- Born: Mary Meyers June 1, 1910 Tsarist Russia
- Died: April 16, 2006 (aged 95)
- Occupations: Community leader, activist
- Spouse: George Rosenfield (m. 1937)
- Children: 2

= Mary Meyers Rosenfield =

American community leader

Mary Meyers Rosenfield (June 1, 1910 — April 16, 2006) was an American community leader, active in special education and services for people with developmental disabilities in Texas.

==Early life and education==
Mary Meyers was born into a Jewish family in Russia and arrived in the United States as an infant with her family in 1911. In 1912, the Meyers family settled in Texas. She remembered helping to knit blankets as a child during World War I, and volunteering at the town's library when it opened in the 1920s. She was recognized as a founding member of the Wharton chapter of Hadassah, having attended the chapter's first meeting at age 6.

She graduated from high school in 1929 and studied art and design at the College of Industrial Arts (now Texas Woman's University) in Denton, Texas.

==Career==
Mary Meyers Rosenfield and Alva Spellman founded an independent school for children with developmental disabilities in El Campo, Texas in 1950. She successfully lobbied the local school district to hire its first special educator. In 1952, she added an "Opportunity Center" for young adults with intellectual disabilities, and soon after, a summer camp for disabled children. In 1968, the residential Richmond State School opened with her efforts, to provide therapies and activities for adults with developmental disabilities. "I did it because it needed to be done," she explained late in life.

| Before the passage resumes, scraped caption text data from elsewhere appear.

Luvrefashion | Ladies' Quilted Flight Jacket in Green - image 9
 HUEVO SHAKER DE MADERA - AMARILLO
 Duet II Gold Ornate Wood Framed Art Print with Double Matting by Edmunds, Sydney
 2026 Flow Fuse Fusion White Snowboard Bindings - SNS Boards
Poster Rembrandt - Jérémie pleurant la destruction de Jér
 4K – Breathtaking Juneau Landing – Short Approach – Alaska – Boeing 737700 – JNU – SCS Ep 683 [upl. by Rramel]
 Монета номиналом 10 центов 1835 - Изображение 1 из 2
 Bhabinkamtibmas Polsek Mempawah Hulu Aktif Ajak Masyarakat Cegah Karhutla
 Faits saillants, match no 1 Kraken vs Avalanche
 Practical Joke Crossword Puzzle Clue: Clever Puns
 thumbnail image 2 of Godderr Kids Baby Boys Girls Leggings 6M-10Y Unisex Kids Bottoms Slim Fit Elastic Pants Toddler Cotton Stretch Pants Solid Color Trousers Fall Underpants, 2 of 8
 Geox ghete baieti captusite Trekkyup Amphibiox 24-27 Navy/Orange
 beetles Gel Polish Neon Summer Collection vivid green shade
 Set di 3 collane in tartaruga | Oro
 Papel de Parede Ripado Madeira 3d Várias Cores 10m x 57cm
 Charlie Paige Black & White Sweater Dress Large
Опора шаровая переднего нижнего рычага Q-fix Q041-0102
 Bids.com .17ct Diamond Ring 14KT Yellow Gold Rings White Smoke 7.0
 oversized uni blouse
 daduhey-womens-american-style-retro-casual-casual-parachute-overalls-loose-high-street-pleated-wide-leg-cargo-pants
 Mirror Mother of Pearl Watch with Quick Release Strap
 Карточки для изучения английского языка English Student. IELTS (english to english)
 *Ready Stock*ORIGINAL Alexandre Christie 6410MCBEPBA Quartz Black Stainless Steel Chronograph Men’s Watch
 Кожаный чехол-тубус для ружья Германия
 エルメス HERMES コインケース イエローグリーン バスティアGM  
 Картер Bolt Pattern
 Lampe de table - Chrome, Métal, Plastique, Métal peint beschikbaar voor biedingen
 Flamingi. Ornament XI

Rosenfield was the founding president of the El Campo chapter of ARC, and was on the organization's state board. She was named Citizen of the Year by the El Campo Chamber of Commerce in 2004, the same year she was inducted into the Texas Women's Hall of Fame. Governor Rick Perry named her a recipient of the Yellow Rose Award.

==Personal life==
Mary Meyers married George Rosenfield, a businessman, in 1937. They had two daughters. Their younger daughter Rita Sue was born with developmental disabilities, and lived at Richmond State School as an adult, beginning in 1970.

Rosenfield was active in her community beyond disability-related projects, serving as president of the Ladies' Auxiliary at the American Legion, as a Girl Scout leader, and as a member of the El Campo Garden Club.

Rosenfield was widowed in 1990, and died in 2006, age 95. Her gravesite is in the Shearith Israel cemetery in Wharton. A resolution marking her lifetime achievements was introduced into the Texas House of Representatives after her death.